This paper proposes a novel and generic ECLAT algorithm by addressing the above two issues. Our algorithm finds the desired patterns by taking into account the frequency and temporal occurrence information of the items in the data Fig. 1.

Fig. 1.
figure 1

Search space of the items ab and c. (a) Itemset lattice and (b) Depth first search on the lattice

The contributions of this paper are as follows: (i) This paper proposes a novel algorithm to find partial periodic patterns in a columnar temporal database. We call our algorithm as Partial Periodic Pattern-Equivalence Class Transformation (3P-ECLAT). (ii) To the best of our knowledge, this is the first algorithm that aims to find partial periodic patterns in a columnar temporal database.
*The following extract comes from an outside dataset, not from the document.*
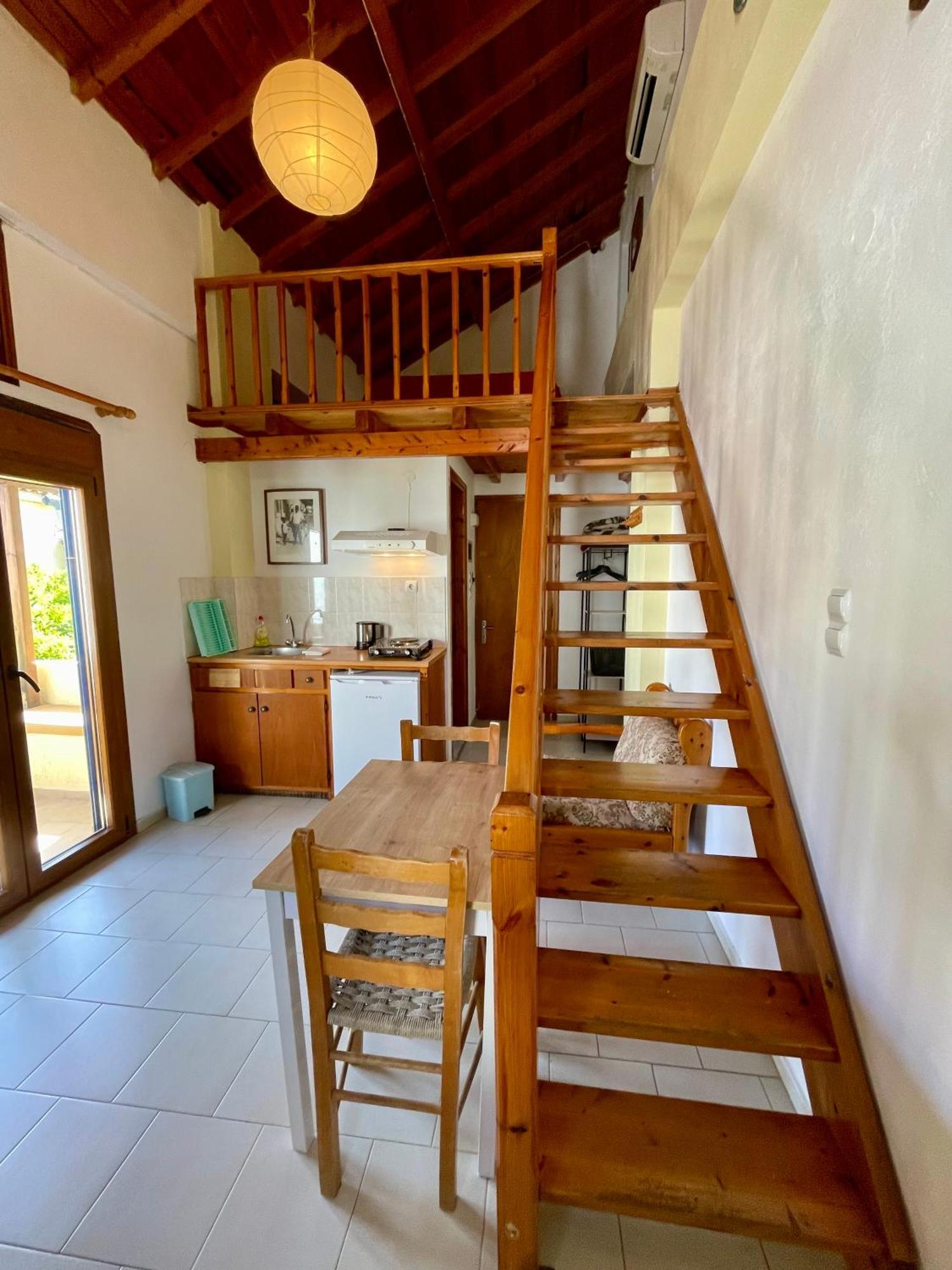 Jimmy'S Place Ormos  Екстериор снимка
A key advantage of this algorithm over the state-of-the-art algorithms is that it can also be employed to find partial periodic patterns in a horizontal database. (iii) Experimental results on synthetic and real-world databases demonstrate that our algorithm is not only memory and runtime efficient but also highly scalable. We will also show that 3P-ECLAT even outperforms the state-of-the-art algorithm while finding partial periodic patterns in a row database. (iv) Finally, we describe the usefulness of our algorithm with a case study on air pollution data.
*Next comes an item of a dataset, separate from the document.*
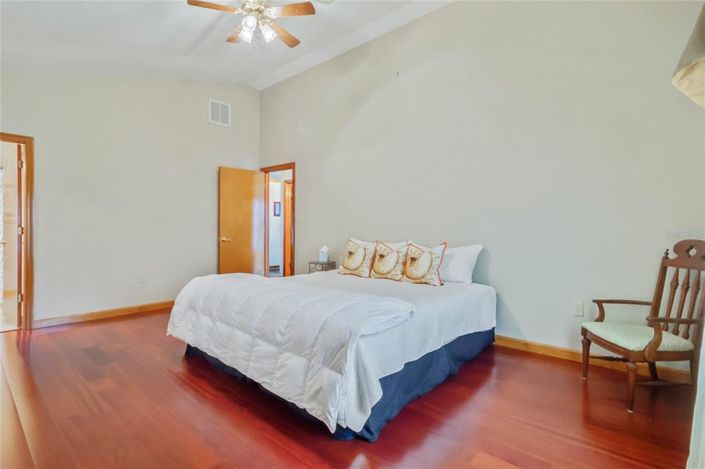 Image No.16-6 Bed Property for sale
The rest of the paper is organized as follows. Section 2 reviews the work related to our method. Section 3 introduces the model of the partial periodic pattern. Section 4 presents the proposed algorithm. Section 5 shows the experimental results. Section 6 concludes the paper with future research directions.

2 Related Work

Agrawal et al. [1] introduced the concept of frequent pattern mining to extract useful information from the transactional databases. It has been used in many domains, and several other algorithms have been developed. Luna et al. [5] conducted a detailed survey on frequent pattern mining and presented the improvements that happened in the past 25 years. However, frequent pattern mining is inappropriate for identifying patterns that are regularly appearing in a database.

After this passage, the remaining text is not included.